:: STUDY MATERIAL ::

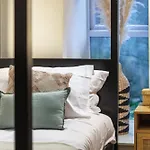 Ocean City Stylish Flat & Cinema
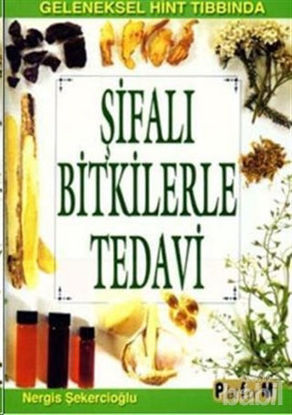 Picture of Şifalı Bitkilerle Tedavi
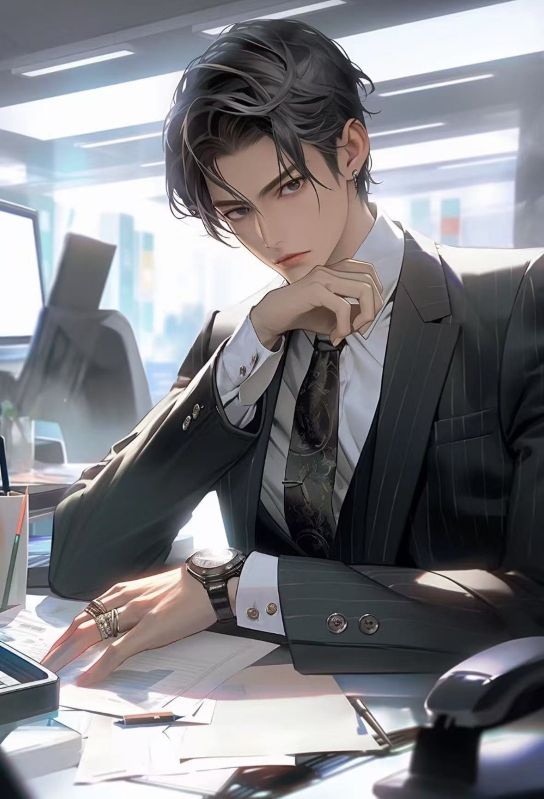 拿下千万订单后，总裁女友说我不过是她拿来练手的鸭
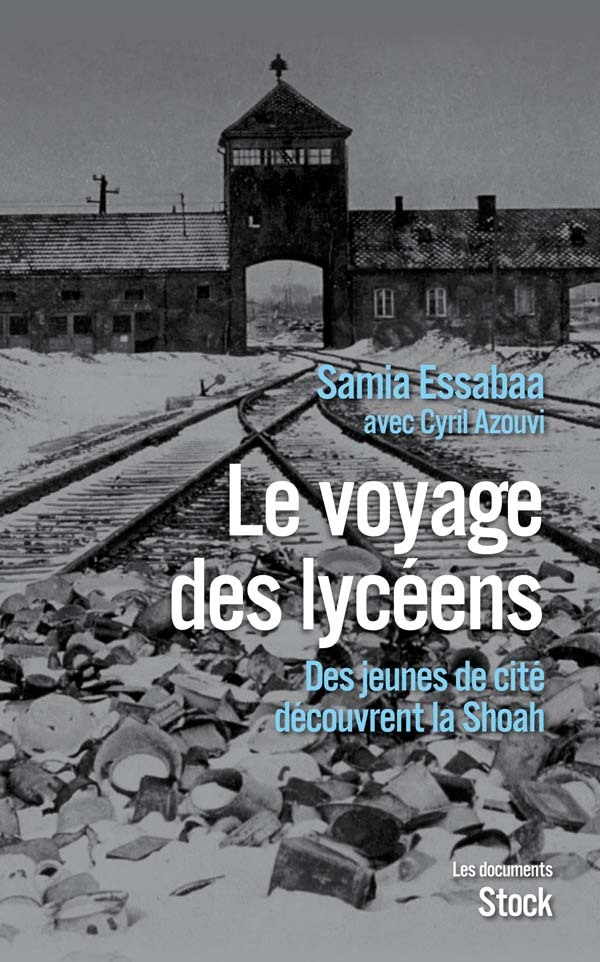 VOYAGE DES LYCEENS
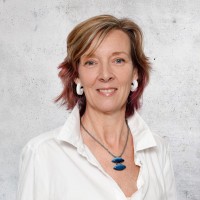 Scope Projects Australia Employee Sue Redman's profile photo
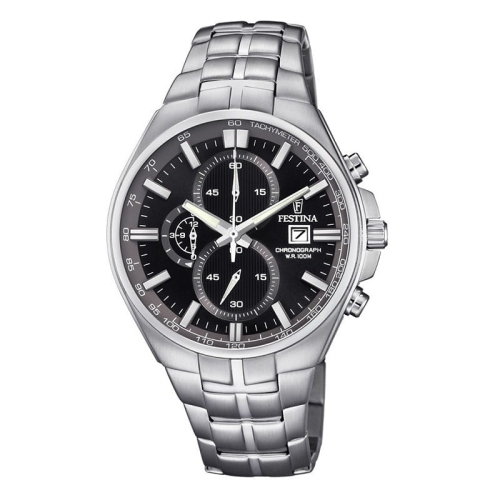 Zegarek Festina Chronograph F68624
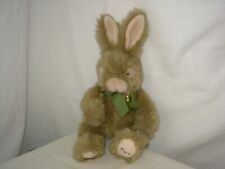 Peluche Lapin Harrods 31cm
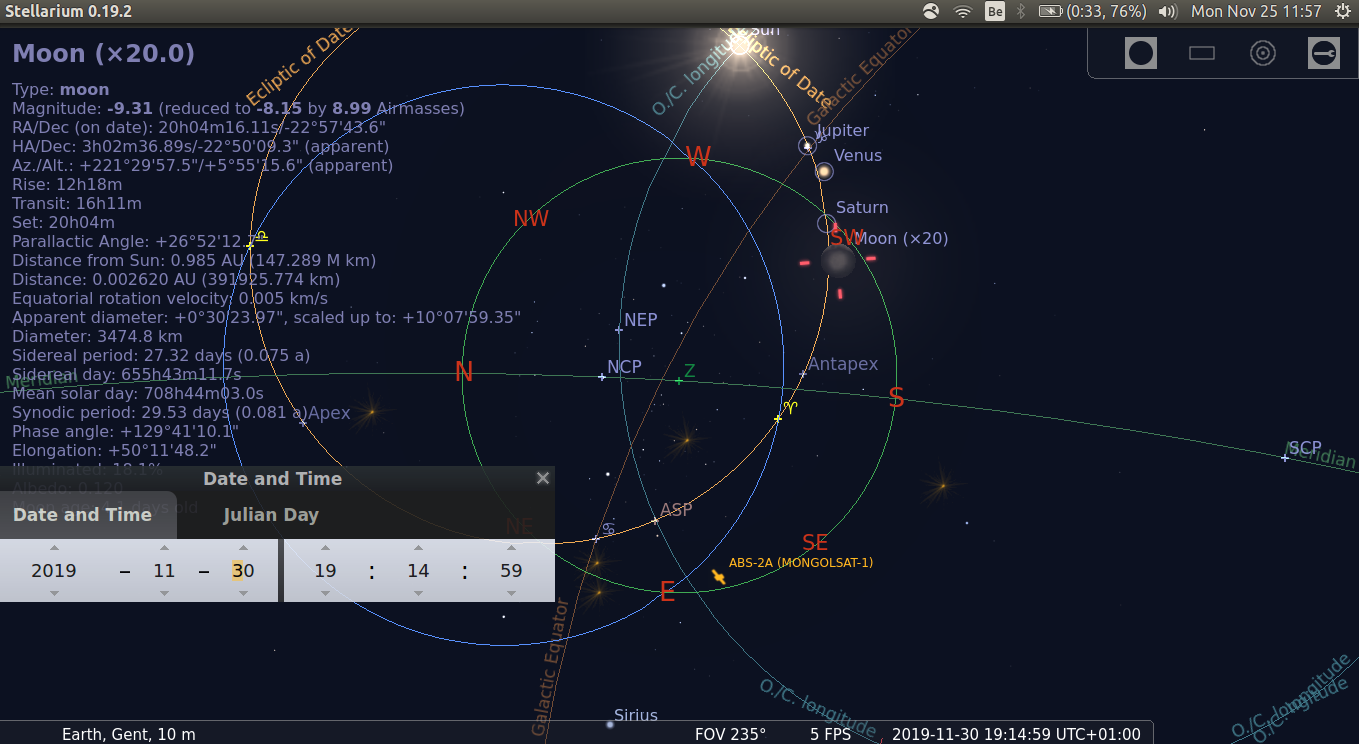 Toggle moon · Issue #861 · Stellarium/stellarium · GitHub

:::

* _TASK TO COMPLETE_
With the pictures removed, return the full listing exactly as given.

* _ANSWER TO THIS PROBLEM_
 Ocean City Stylish Flat & Cinema
 Picture of Şifalı Bitkilerle Tedavi
 拿下千万订单后，总裁女友说我不过是她拿来练手的鸭
 VOYAGE DES LYCEENS
 Scope Projects Australia Employee Sue Redman's profile photo
 Zegarek Festina Chronograph F68624
 Peluche Lapin Harrods 31cm
 Toggle moon · Issue #861 · Stellarium/stellarium · GitHub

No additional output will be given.